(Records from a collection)
□ □ □

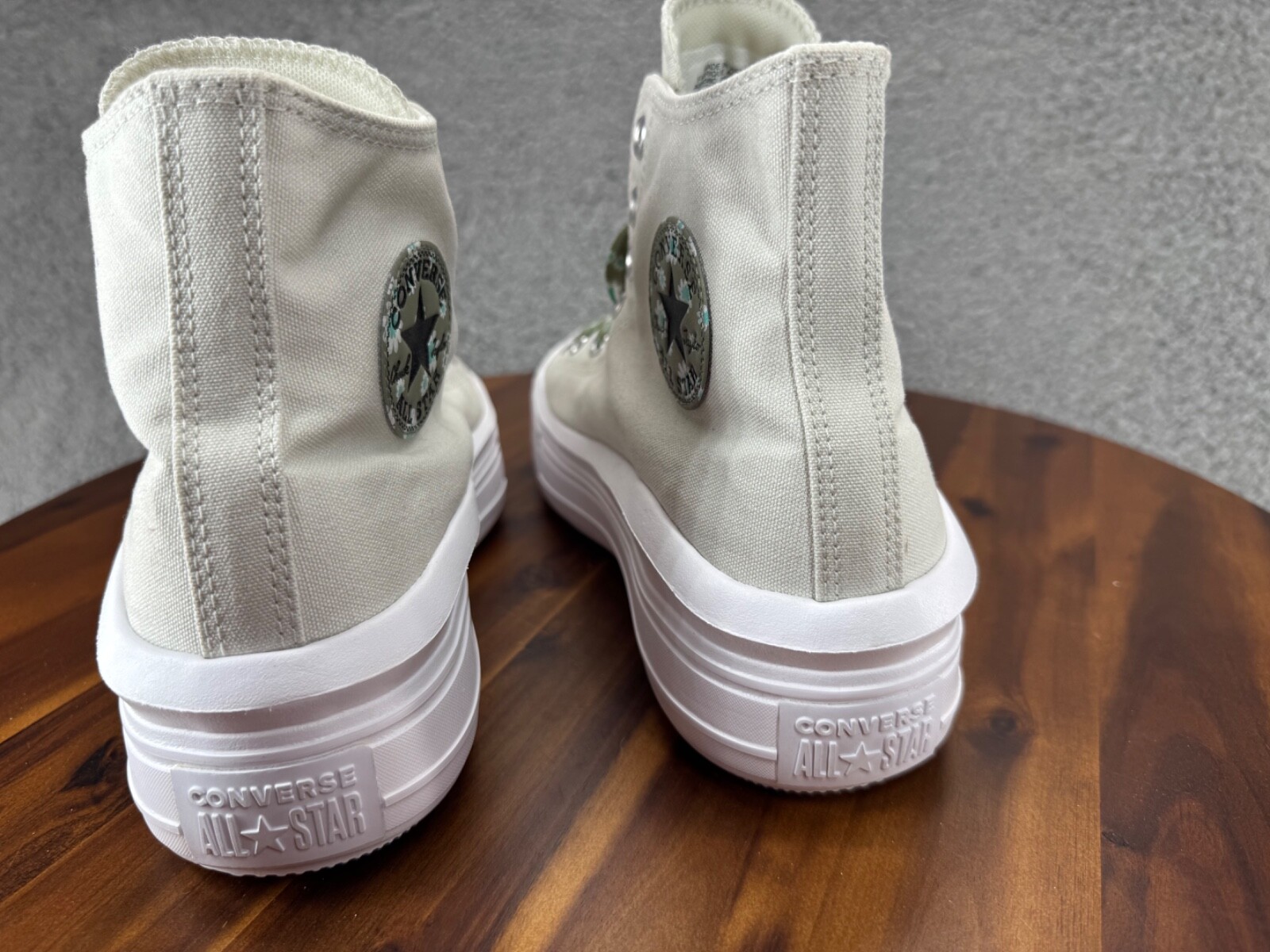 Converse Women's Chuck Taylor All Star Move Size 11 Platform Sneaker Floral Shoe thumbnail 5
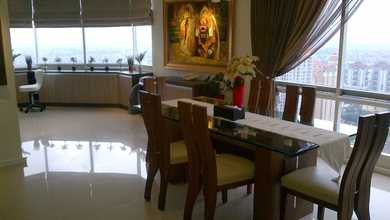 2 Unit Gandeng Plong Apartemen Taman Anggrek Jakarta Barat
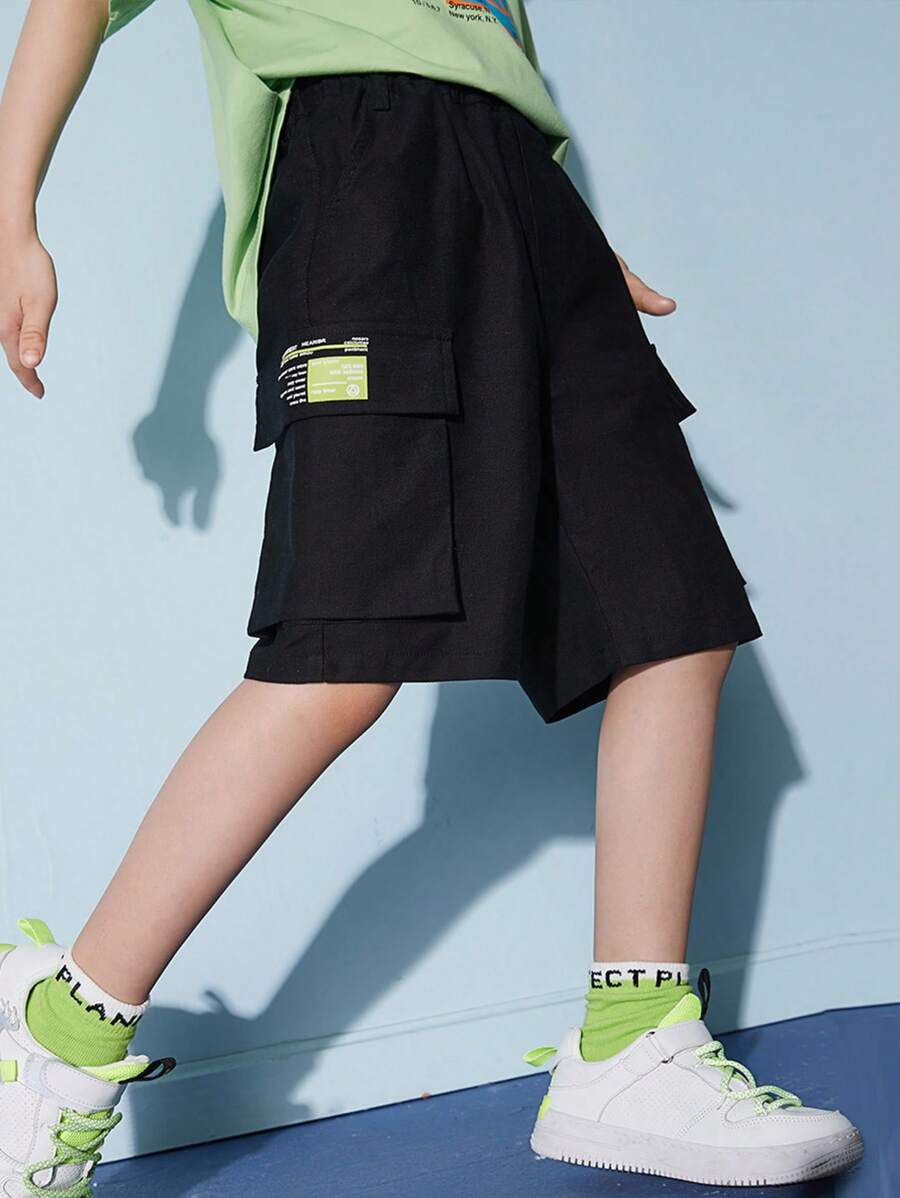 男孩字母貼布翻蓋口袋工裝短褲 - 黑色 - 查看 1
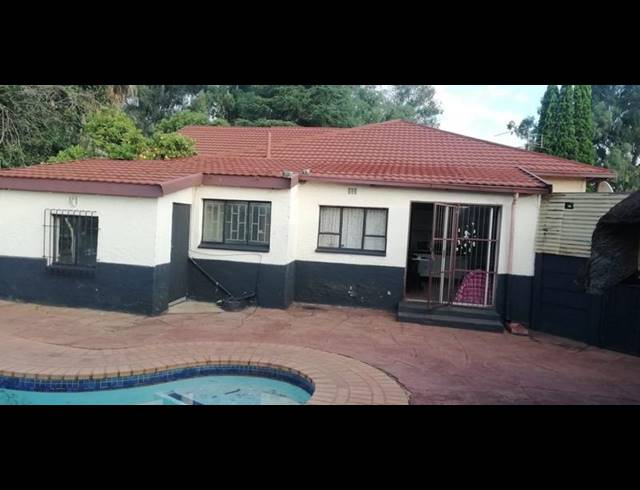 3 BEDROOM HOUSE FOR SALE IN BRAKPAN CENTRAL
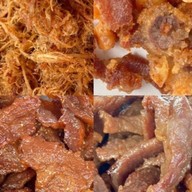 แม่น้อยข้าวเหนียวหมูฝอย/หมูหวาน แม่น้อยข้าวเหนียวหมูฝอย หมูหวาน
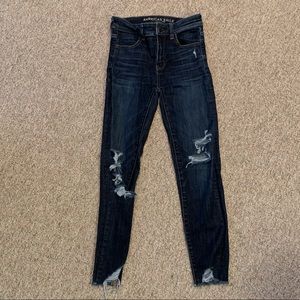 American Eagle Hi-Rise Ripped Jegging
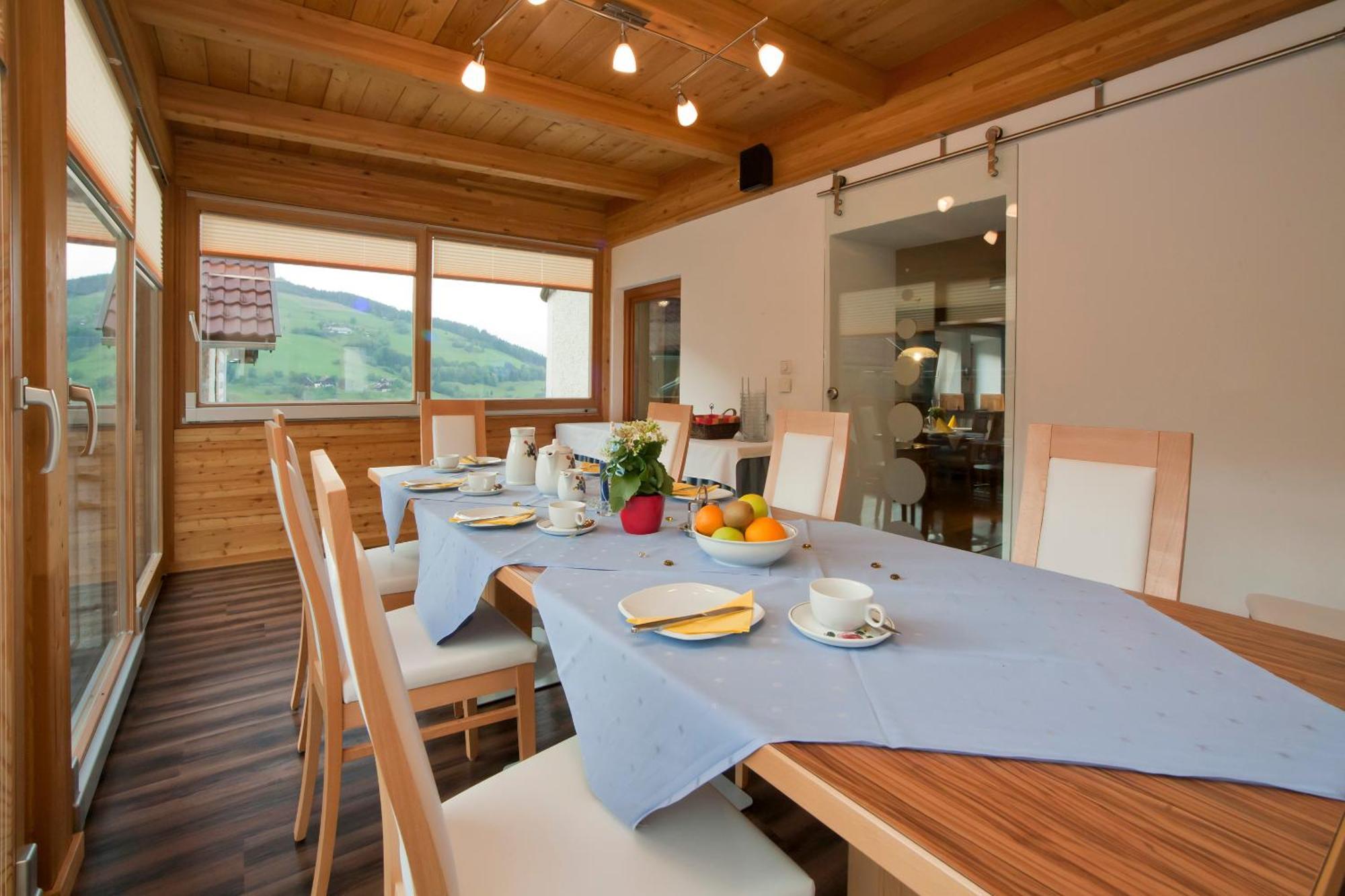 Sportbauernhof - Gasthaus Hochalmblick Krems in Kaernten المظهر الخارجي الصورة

□ □ □

Your objective:
Pictures stay out. Copy exactly, and only, the lines from the one containing "American Eagle Hi-Rise Ripped Jegging" through the end of the data.

Exercise response:
 American Eagle Hi-Rise Ripped Jegging
 Sportbauernhof - Gasthaus Hochalmblick Krems in Kaernten المظهر الخارجي الصورة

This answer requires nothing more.